On Thu, 11 Apr 2002, Norman Short wrote:

> Why you guys think rewarding college kids perpetually skipping
> class over adults working a job and raising a family is a choice
> I'm not sure you've explored fully.

This is a good question. I guess that the answer is that 'college
kids perpetually skipping class' so far has proven to be the largest
and most profittable customer base. If not, the big game companies
would surely take up your challenge.

> Seems to me supporting people without 16 hours a day to devote to
> your game but who are emotionally and psychologically stable
> adults would be in your interest.  Instead your community will be
> led by people with the most time.

Depends; do you want your community to server the few with much
money or the many with less money? You could support both at a risk
of loosing buisness, if you forced a limit on online time (evening
out the problem of people having less time).

> That isn't the reason I see this as a devolving game genre in
> holding my interest, however.

Well, actually its been this way up until now i guess. Devolving
would be a wrong word to use.
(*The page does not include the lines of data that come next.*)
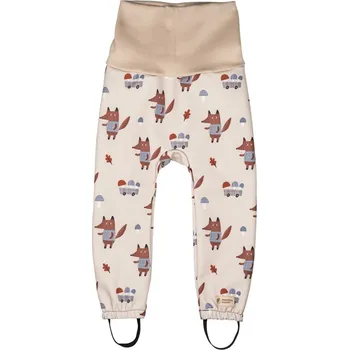 Chlapecké kalhoty Dětské rostoucí softshellové kalhoty s membránou Monkey Mum® - Lišky na houbách 74/80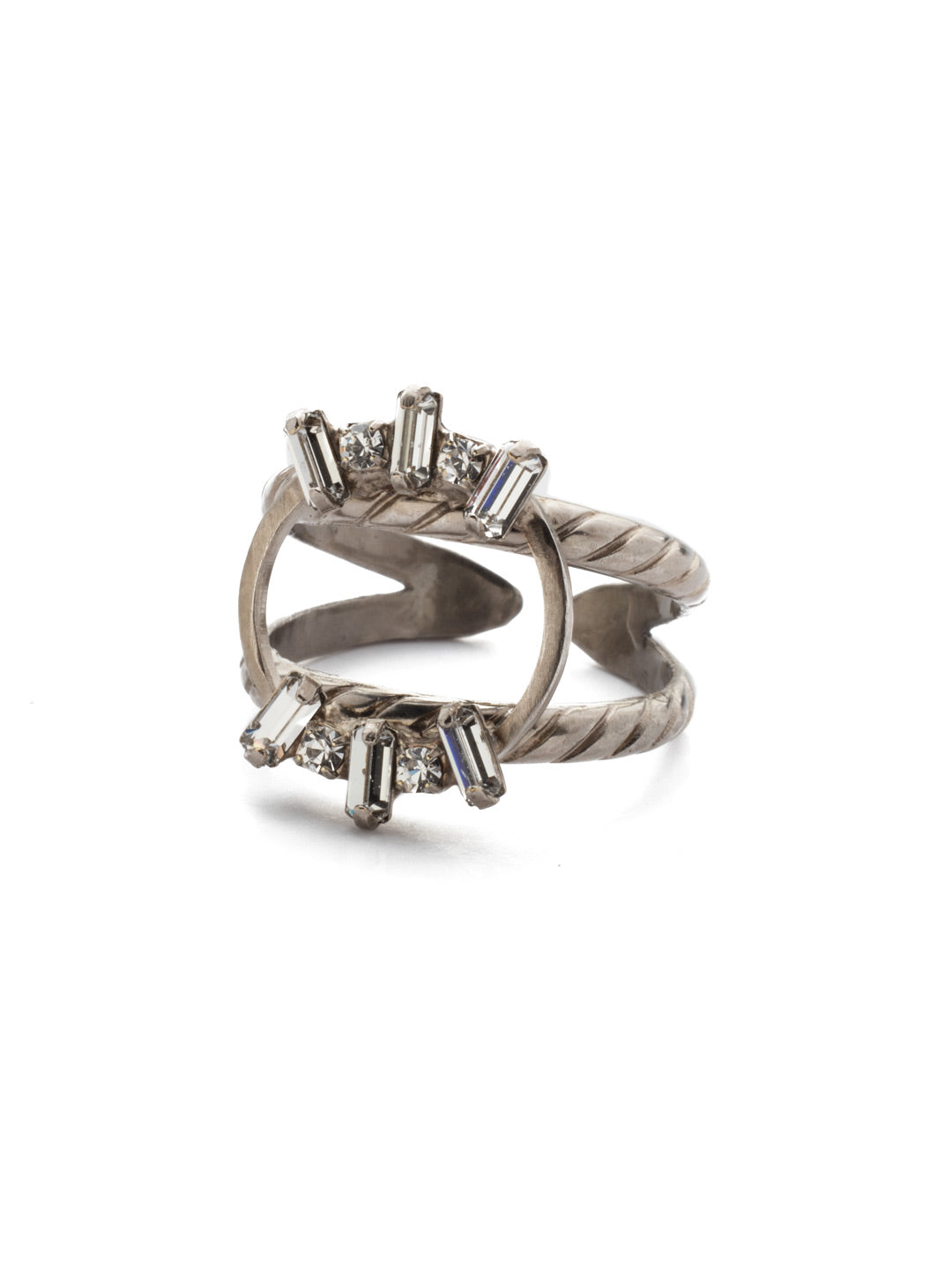 Nina Stacked Ring - 4REP28ASCRY - <p>Be an original. The Nina Adjustable Stacked Ring features an open metal circle affoxed with baguette and circular crystals and a double metal band. From Sorrelli's Crystal collection in our Antique Silver-tone finish.</p>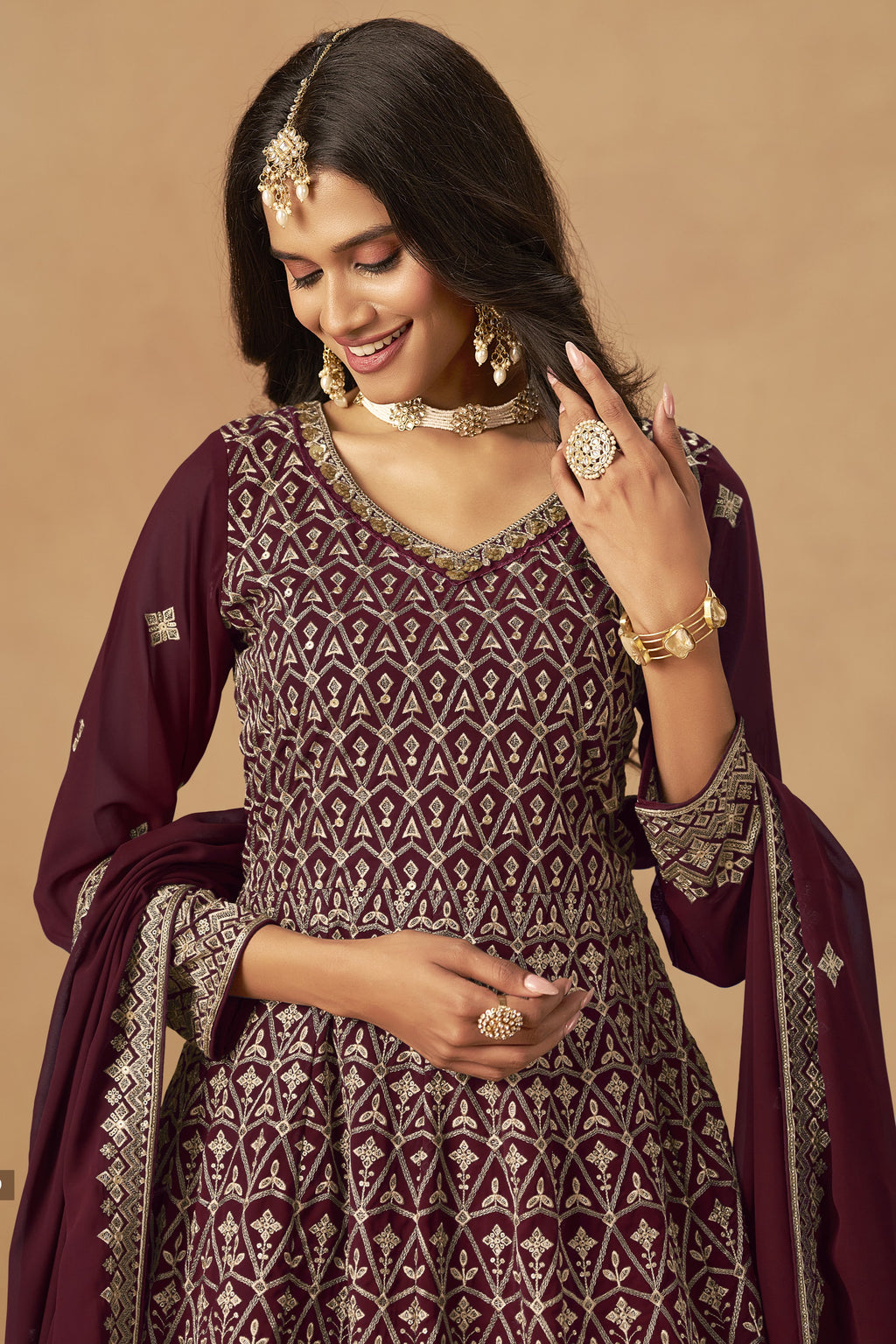 Maroon Georgette Plazo Suit For Indian & Pakistani Wedding Festival - Thread & Sequins Embroidery Work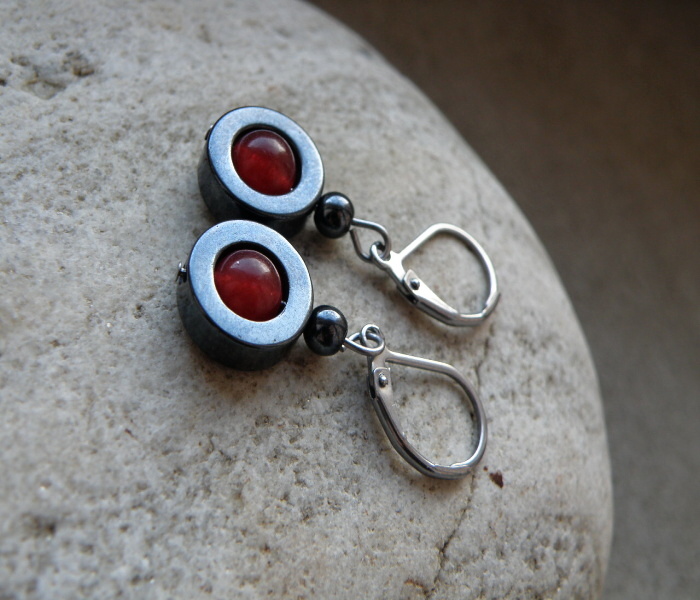 Naušnice - Hematitky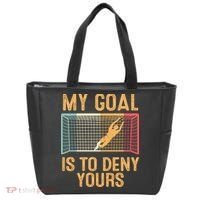 My Goal Is Deny Yours Funny Soccer Tote Bag thumb 0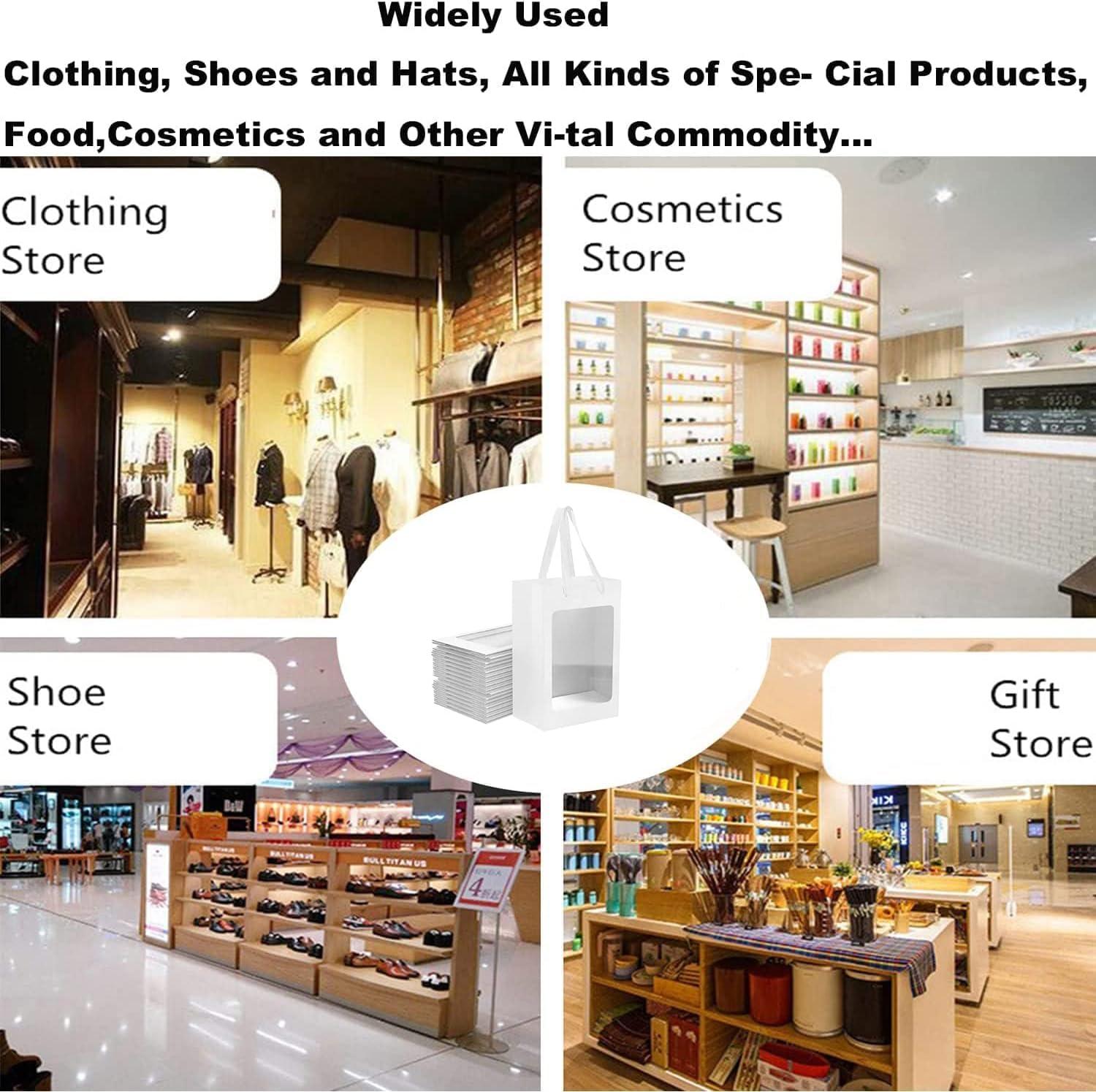 BallHull 12 Pcs White Kraft Paper Gift Bags with Transparent Window, 9.84\"x7.0\"x5.12\" Kraft Shopping Bags with Handles for Present, Festivals Party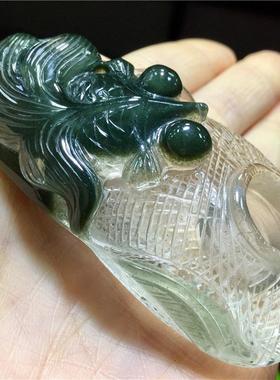 热销东海水晶天然绿幽连年色水晶金鱼鱼篓渔翁得利俏有余手把件
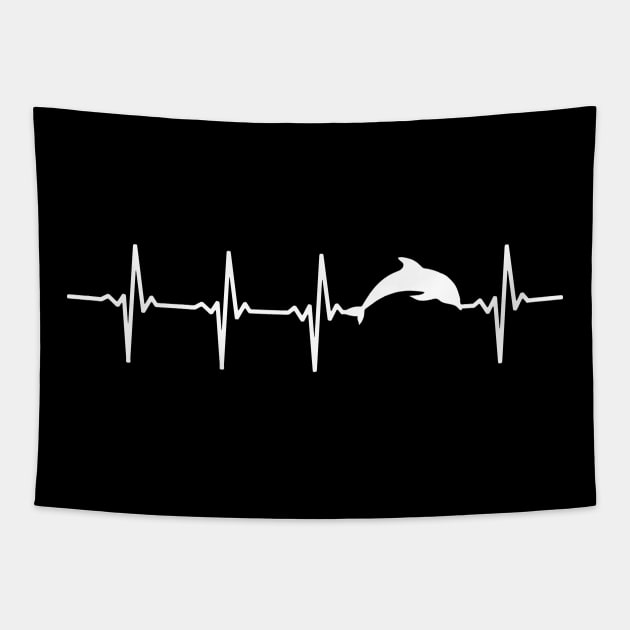 Dolphin Heartbeat Gift For Dolphin Lovers Tapestry by OceanRadar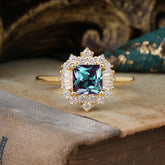 Princess Cut Alexandrite Engagement Ring Brilliant Cluster Ring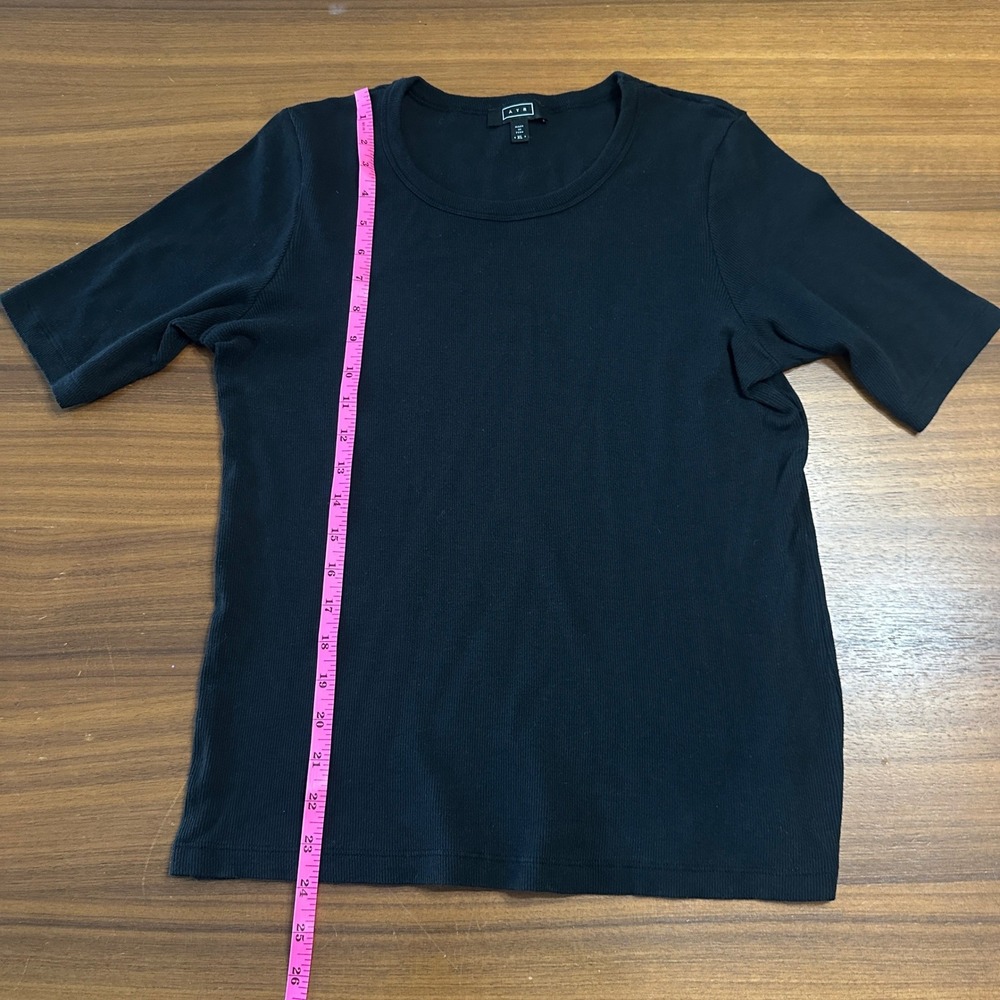 AYR The Exec Ribbed Tee Pima Cotton Blend Womens XL Black Quiet Luxury Classic - Picture 6 of 11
Stagnation would perhaps be better
fitting word if you want it to change.

> It's what I see as you folks and your attitude about ownership and
> EULA's.  So you want me to understand at all times that you own my
> character, my account, and every item in my inventory.  Well,
> doesn't sound like the word "my" applies at all anymore.

No, and this is the common problem when working with immersive
worlds. The player will identify with the character to the point
where they think of the character as 'me'. If this was legally true,
you could sue people for murder if they killed your character.

> Those houses I built in UO?  Just rented I guess.  Why was I
> interested in spending the many hours to get the wealth to build
> them again?  I feel like all I'm doing is working for you now and
> paying for the privilege.

> Somehow you're going to have to lie to me and let me pretend I
> have some sense of ownership over what I acquire with my time in
> game, when in reality you don't want me to have any ownership at
> all.

That lie is called immersion, and is in effect the price you pay for
a game worth playing. You can do everything to spoil the illusion of
immertion and it would ruin the game entirely. The world is fantasy,
the character is fantasy, the spells and items are fantasy too, and
none of it is real in the sense we normally put in it.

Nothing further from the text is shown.